There is still a need for a certain level of manual testing to be performed but unit testing is used to decrease the number of defects that make it to that stage. Unit testing tests the smallest parts of the system and if they all work the chances of the application as a whole working correctly are increased significantly.
It also assists when adding new features since regression testing can be performed quickly and automatically.
This is a tough question to approach because it questions something of such enormous breadth. Here's my short answer, however:
Test Driven Development (or TDD) seeks to prove that every logical unit of an application (or block of code) functions exactly as it should. By making tests as automated as possible for productivity's sake, how could this really be harmful?
By testing every logical piece of code, you can trust the usage of the code up some hierarchy. Say I build an application that relies on a thread-safe stack implementation. Shouldn't the stack be guaranteed to work up at every stage before I build on it?
The key is that if something in the whole application breaks, meaning just looking at the total output/outcome, how do you know where it came from? Well, debugging, of course! Which puts you back where you started. TDD allows you to -hopefully- bypass this most painful stage in development.

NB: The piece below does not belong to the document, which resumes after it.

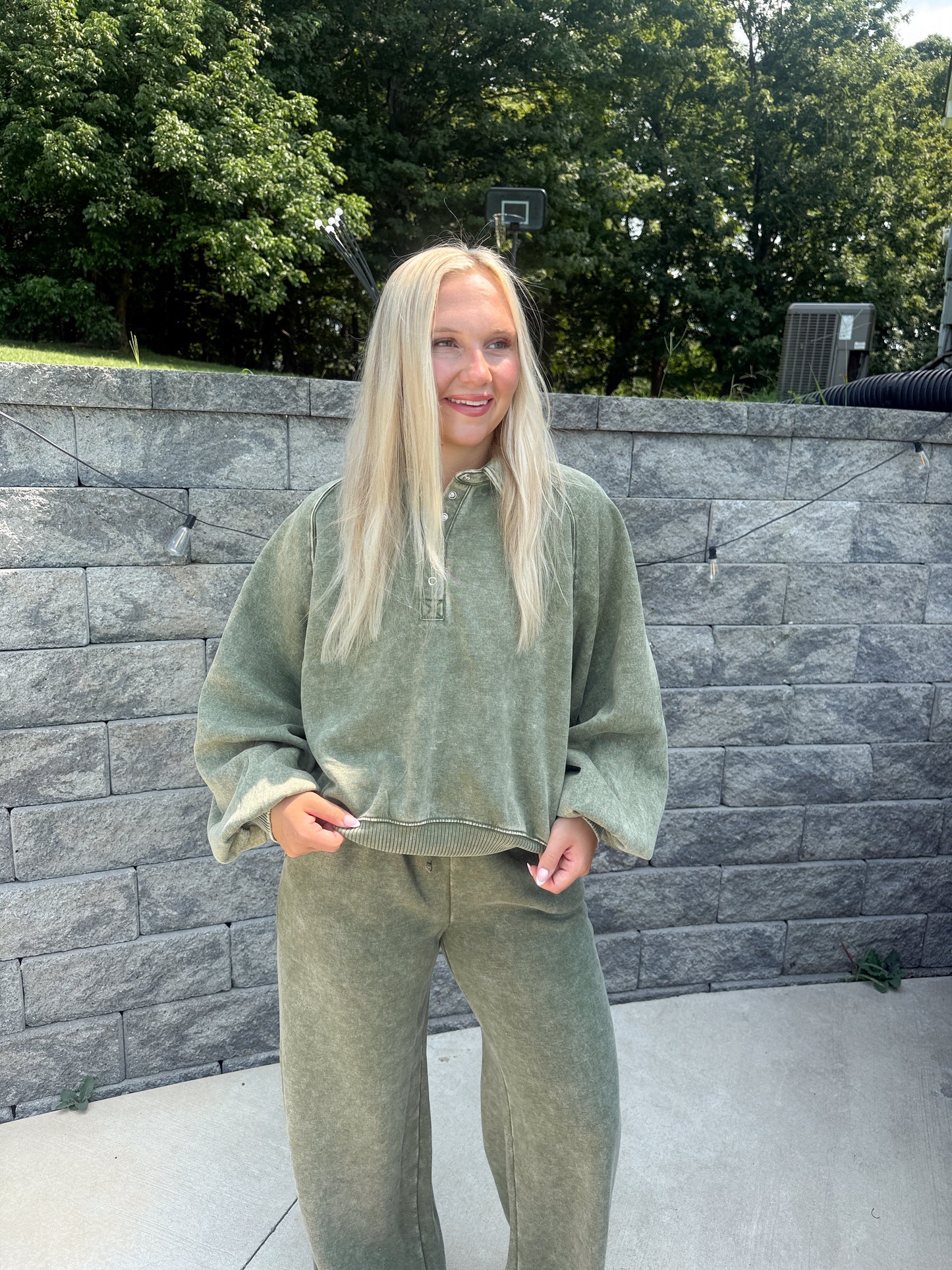 #64. Fall Acid Washed Button Pullover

The earlier you catch bugs, the cheaper they are to fix. A bug found during unit testing by the coder is pretty cheap (just fix the darn thing).

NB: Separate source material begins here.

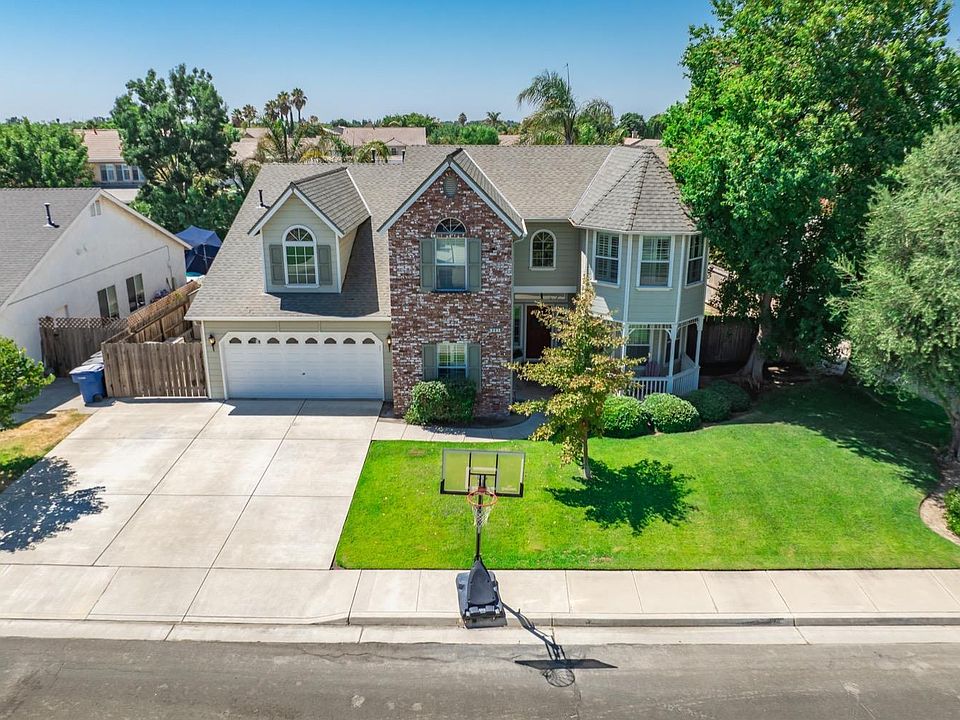 1st image of 991 W Julia Way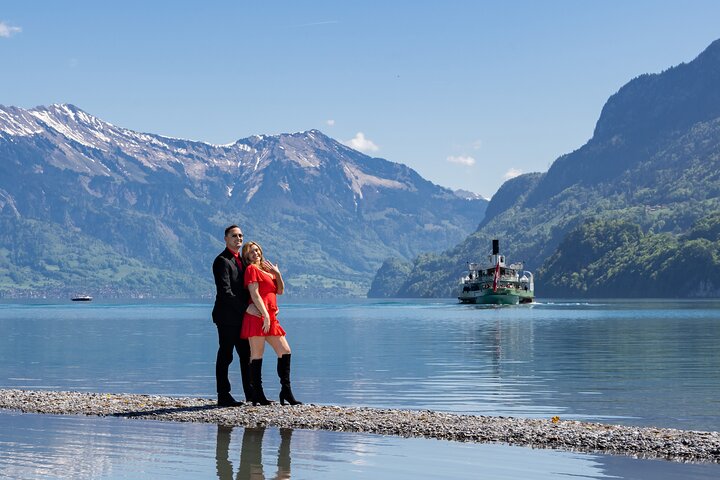 Phototour Private Photoshoot in Interlaken & Lake Brienz and Thun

A bug found during system or integration testing costs more, since you have to fix it and restart the test cycle.
A bug found by your customer will cost a lot: recoding, retesting, repackaging and so forth. It may also leave a painful boot print on your derriere when you inform management that you didn't catch it during unit testing because you didn't do any, thinking that the system testers would find all the problems :-)

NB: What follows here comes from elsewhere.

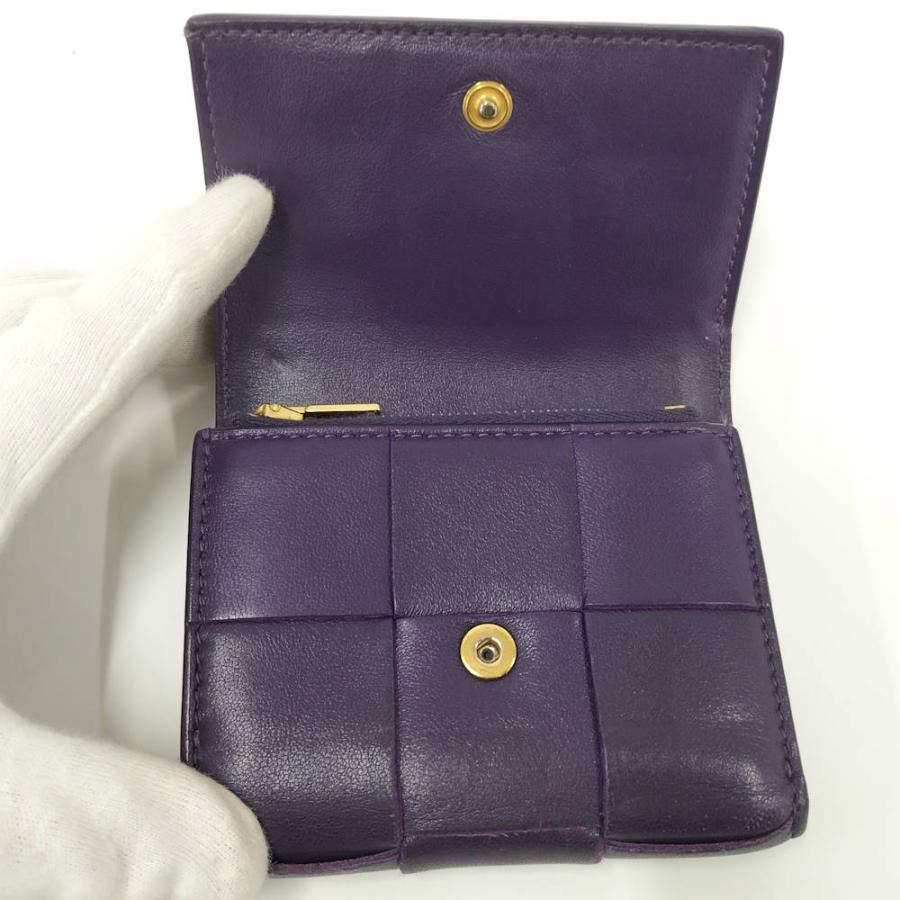 BOTTEGA VENETA /ボッテガヴェネタ　パープルレザー三つ折り財布 BOTTEGA VENETA（ボッテガ・ヴェネタ） 三つ折り財布 イントレチャート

How much money would it cost GM to recall 10,000 cars because the catalytic converter didn't work properly?
Now think of how much it would cost them if they discovered that immediately after those converters were delivered to them, but before they were put into those 10,000 cars.
I think you'll find the latter option to be quite a bit cheaper.
That's one reason why test driven development and continuous integration are (sometimes) a good thing - testing is done all the time.
In addition, unit tests don't check that the program works as a whole, just that each little bit performs as expected. That's often quite a lot more than higher level tests would check.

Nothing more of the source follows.